So how do Republicans win elections? By appealing to racial animus. This is such an obvious fact of American political life that you have to be willfully blind not to see it.
For a long time, the G.O.P. establishment was able to keep this game under control. It would campaign using implicit appeals to racial hostility (welfare queens! Willie Horton!) but turn postelection to privatization and tax cuts.
But for some reason this bait-and-switch started getting less effective in the 2000s. Maybe it was the reality of America’s growing racial diversity; maybe it was the fact that American society as a whole was becoming less racist, leaving the hard-core racists feeling isolated and frustrated. And the election of our first black president really kicked hatred into overdrive.
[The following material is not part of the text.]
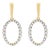 14K Yellow Gold Graduating 1/2 Cttw Diamond Oval Dangle Earrings, Pair For Sale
The result is that there are more and more angry white people out there willing to commit mayhem — and able to do so because those same Republicans have blocked any effective control over sales of assault weapons.
A different, better G.O.P. might have been willing to acknowledge the growing threat and supported a crackdown on violent right-wing extremism, comparable to the F.B.I.’s successful campaign against the modern K.K.K. in the 1960s. A lot of innocent victims would be alive today if Republicans had done so.
But they didn’t, because admitting that right-wing extremism was a threat, or even a phrase law enforcement should be allowed to use, might have threatened the party’s exploitation of racial hostility to achieve its economic goals.
In effect, then, the Republican Party decided that a few massacres were an acceptable price to pay in return for tax cuts. I wish that were hyperbole, but the continuing refusal of G.O.P. figures to criticize Trump even after El Paso shows that it’s the literal truth.
So as I said at the beginning, the G.O.P. has become a systematic enabler of terrorism. Why? Follow the money.